Rédaction d’un protocole de recherche clinique 1/3

Publié le 17 May 2022 à 12:37
#Innovation
#Gériatre


Cette année, la Gazette du Jeune Gériatre vous propose dans sa
fiche pratique une présentation des différentes étapes de la réalisation d’un protocole de recherche clinique chez l’homme, de la conception à la publication.

Celle-ci se déroulera en 3 actes :

  • Tous d’abord nous répondrons à la question Pourquoi ? Il est vrai que ce travail parait fastidieux et peu valorisable ; nous tenterons de démontrer le contraire.
  • Ensuite, dans le numéro suivant, nous nous intéresserons au Comment ? Nous vous donnerons un plan type à suivre ainsi des petits « trucs et astuces ».
  • Enfin, dans le numéro de décembre 2019, nous vous présenterons Comment le publier ?

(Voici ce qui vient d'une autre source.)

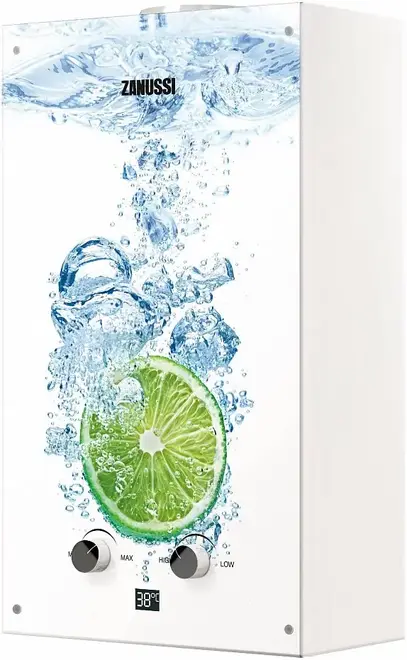 Zanussi GWH 10 газовая колонка Fonte Glass 191 мм лицевая панель Lime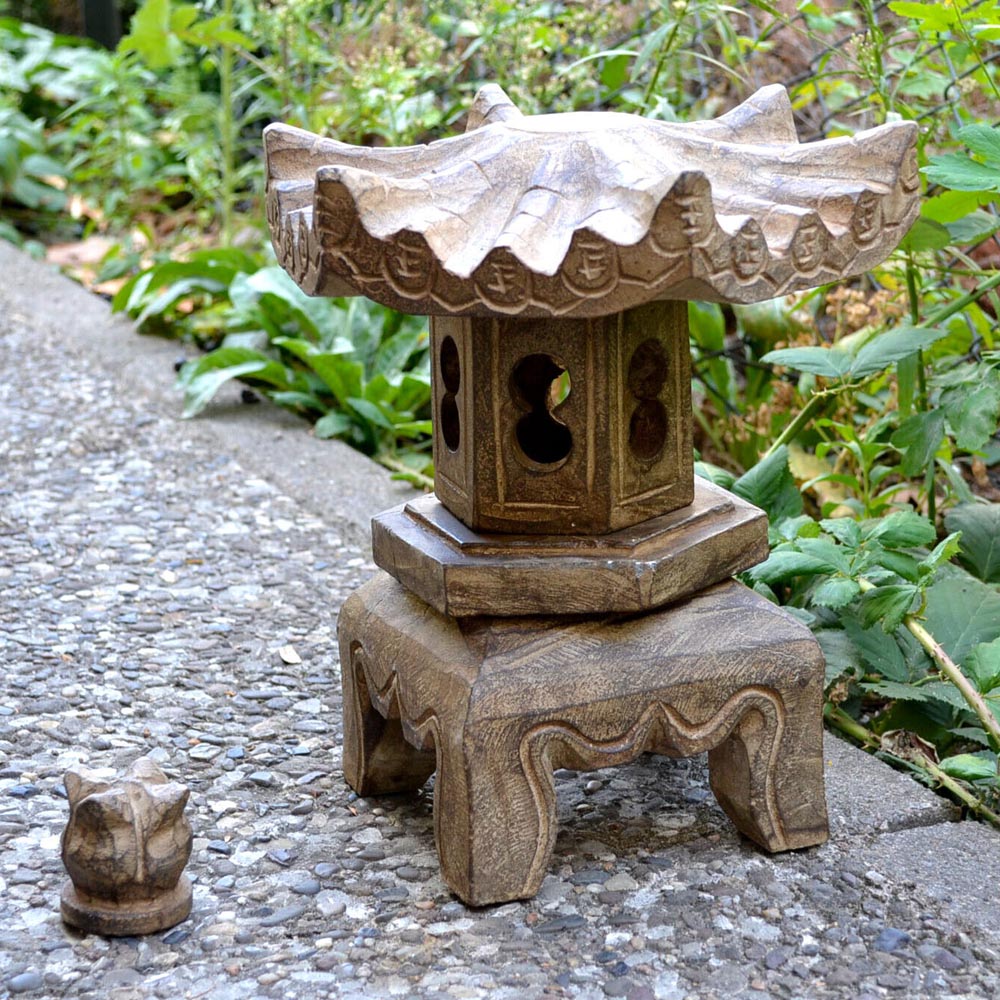 Garten Home Deko 6 eckige steinlaterne massivstein vogelhaus japanisch geisterhaus pagoda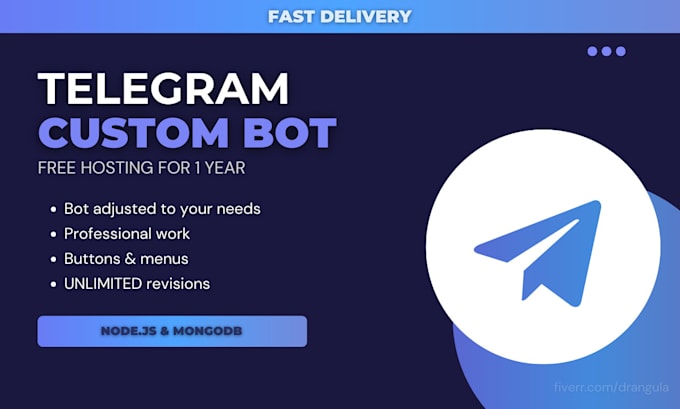 Gig Preview - Make a professional custom coded telegram bot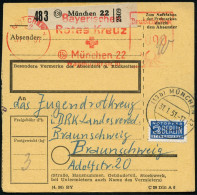 MÜNCHEN/ 22/ Bayerisches/ Rotes Kreuz.. 1951 (31.1.) AFS Francotyp 090 Pf. (Rotes Kreuz) Auf Schw. Paketzettel: (13 B) M - Croix-Rouge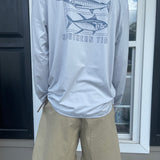 Dotted Sportfish Stack Long Sleeve Performance T-Shirt- Grey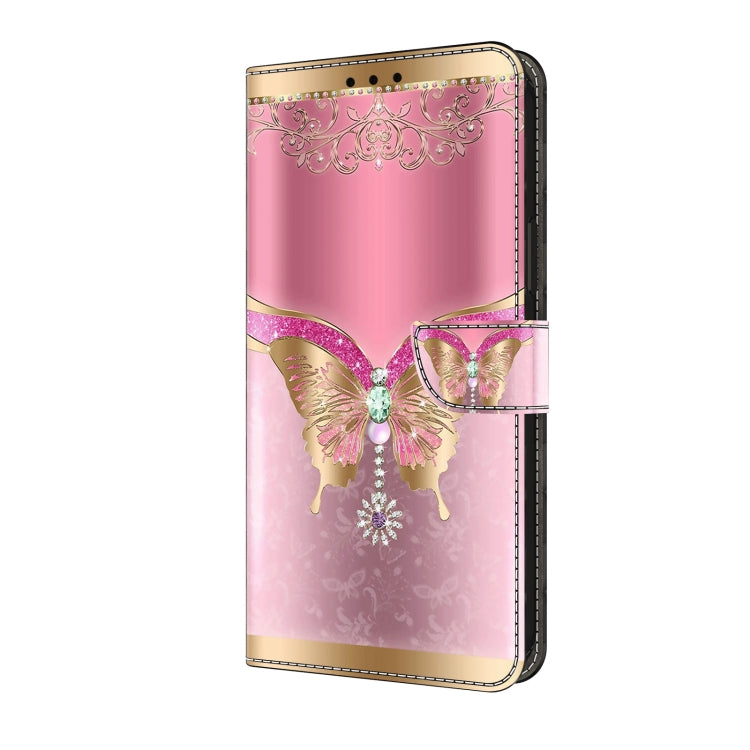 For Motorola Moto G34 Crystal 3D Shockproof Protective Leather Phone Case(Pink Bottom Butterfly) - Motorola Cases by PMC TechLife | Online Shopping South Africa | PMC TechLife | Buy Now Pay Later Mobicred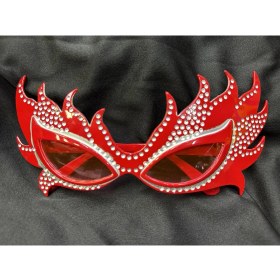 Resim MCM Group Taşlı Göz Kamaştıran Gecenin Yıldızı Kırmızı Parti Alev Gözlük 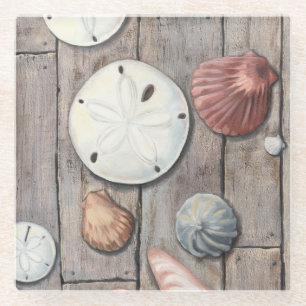 Dessous-de-verre En Verre Trésors de bord de la mer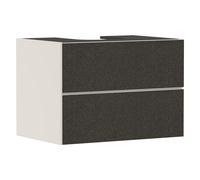 hansgrohe Xevolos E Meuble sous-lavabo, 2 tiroirs, 1 découpe au centre, 780x550x555mm, pour plan de toilette à poser, 54188660, 54188660, Colorazione: Corpo beige sabbia opaco, frontale tessuto grigio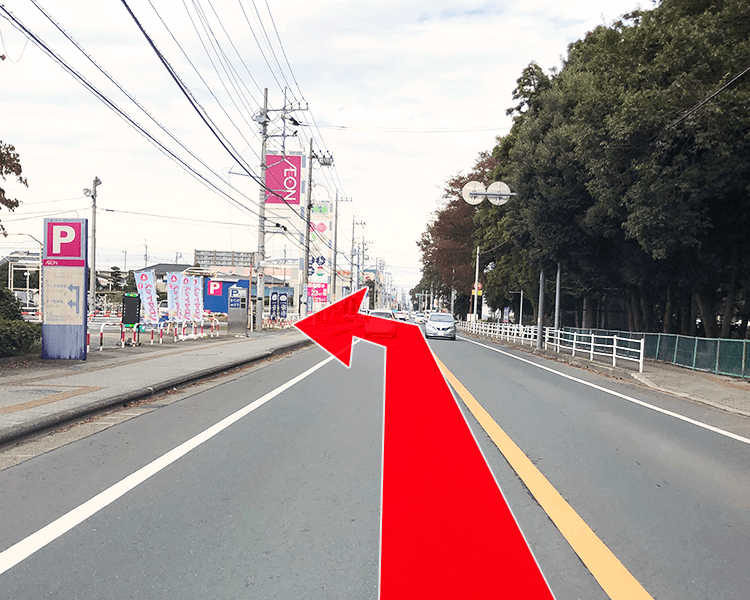 メモリアル仏壇 イオン野田への道順 左側に『イオンノア店の駐車場』が見えてきます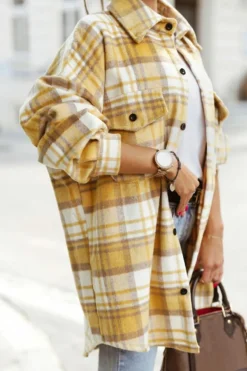 Fashion Dear-Lover Plaid Flap Pocket Long Sleeve Shacket Yellow
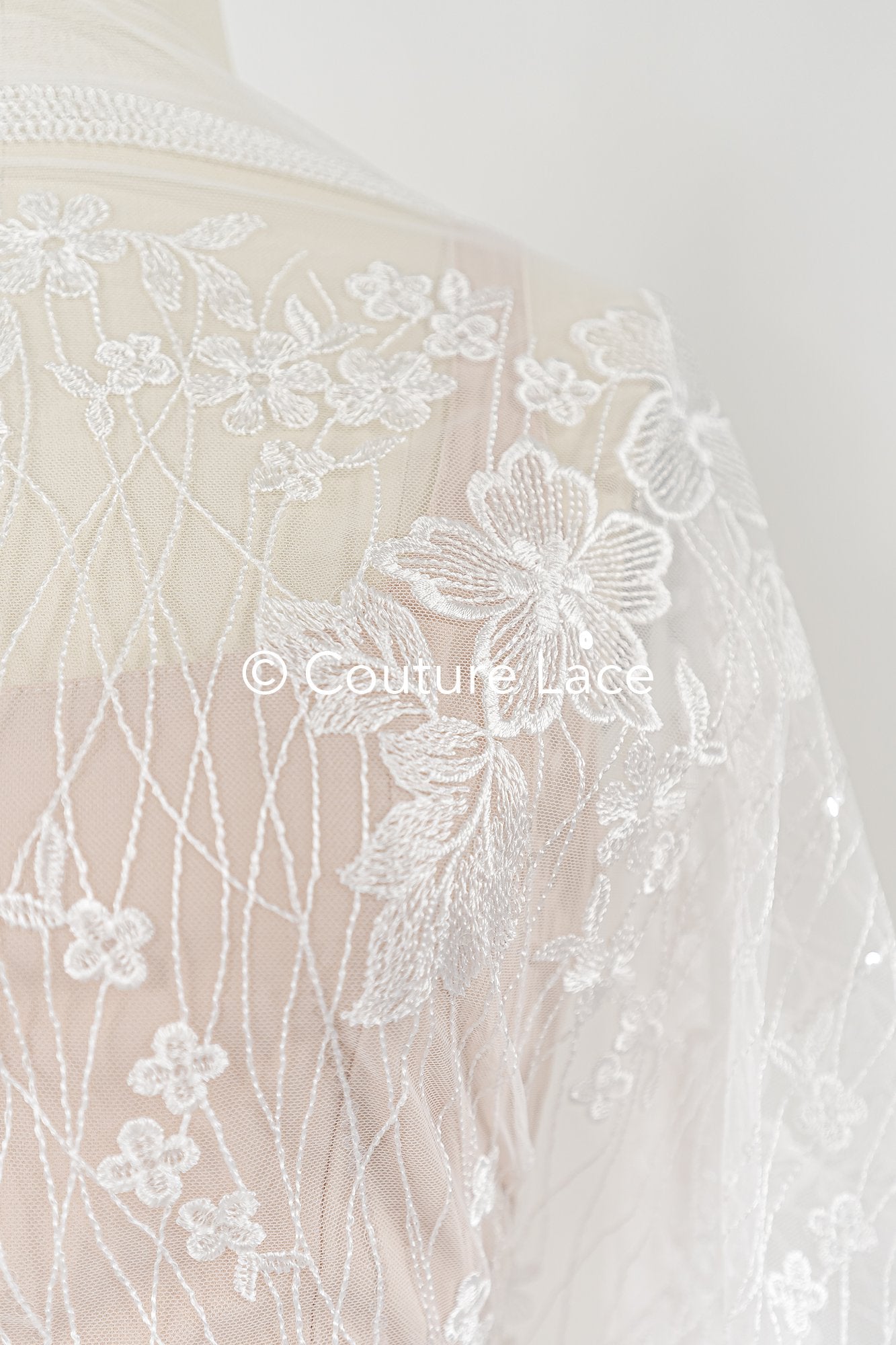 Soft bridal lace fabric with sequins and floral pattern, floral bridal lace // L25-770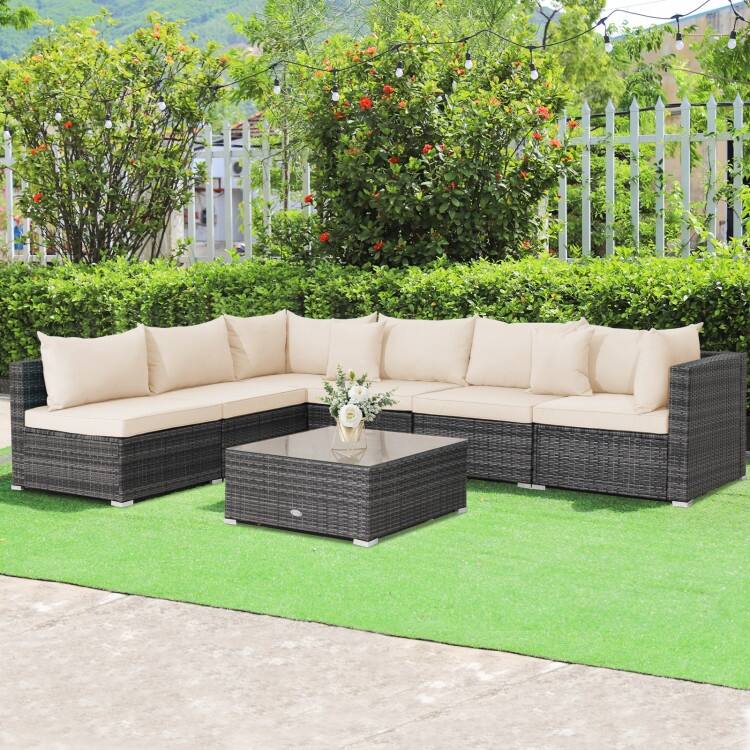 Patio Rattan Furniture Set Sectional Sofa Garden Cushion - 7 Pieces - Armless Sofa: 29" x 25.5" x 24"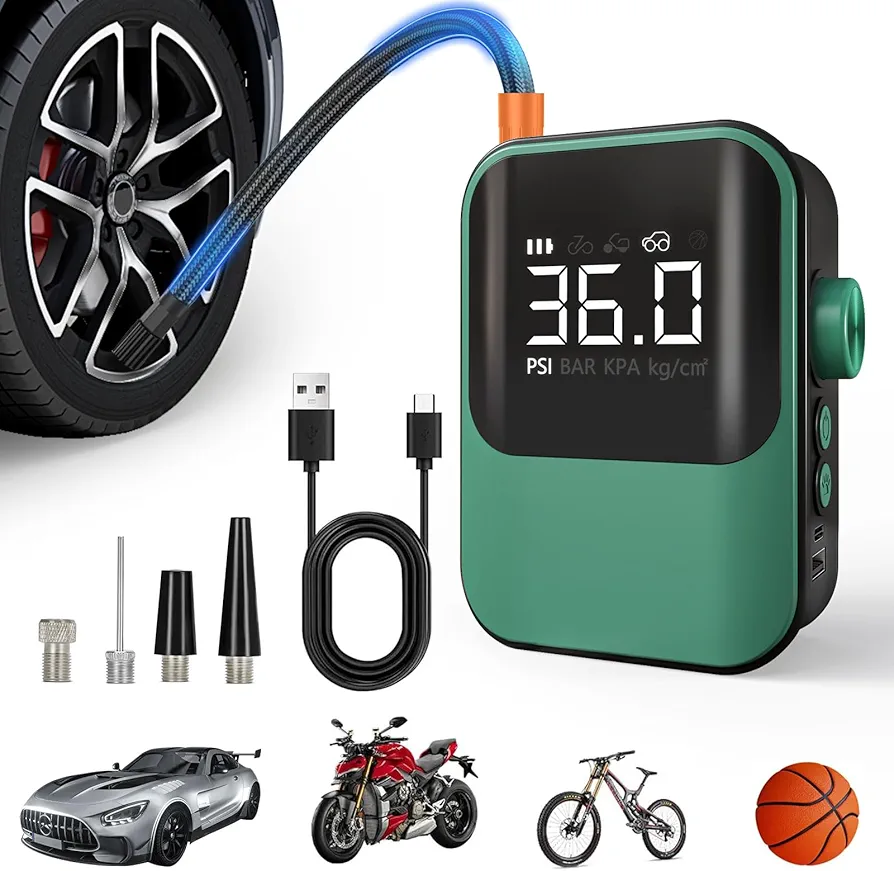 Cordless Tire Inflator Portable Air Compressor, Green Air Pump With Digital Tire Pressure Gauge, Wireless Fast Inflation For Car Tires, Motorcycle, Bicycle, Electric Bike Pump, Ball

La promotion des bonnes pratiques en recherche clinique en gériatrie est un point central de notre association et nous avions à coeur de mettre en avant celle-ci.

Pourquoi rédiger un protocole de recherche clinique ?

Répondre à la question posée
L’objectif principal d’un protocole est de répondre de manière adaptée à la question de recherche posée. Cela parait évident… mais ce n’est pas si facile en réalité. On peut vite s’enfermer dans une idée et s’éloigner de la question posée initialement

Le but du protocole est donc de détailler les différentes étapes et process par lesquels passeront les chercheurs pour tenter de répondre à la question de recherche : du recrutement des patients et du recueil des données jusqu’à l’analyse statistique, en passant par les différentes obligations légales.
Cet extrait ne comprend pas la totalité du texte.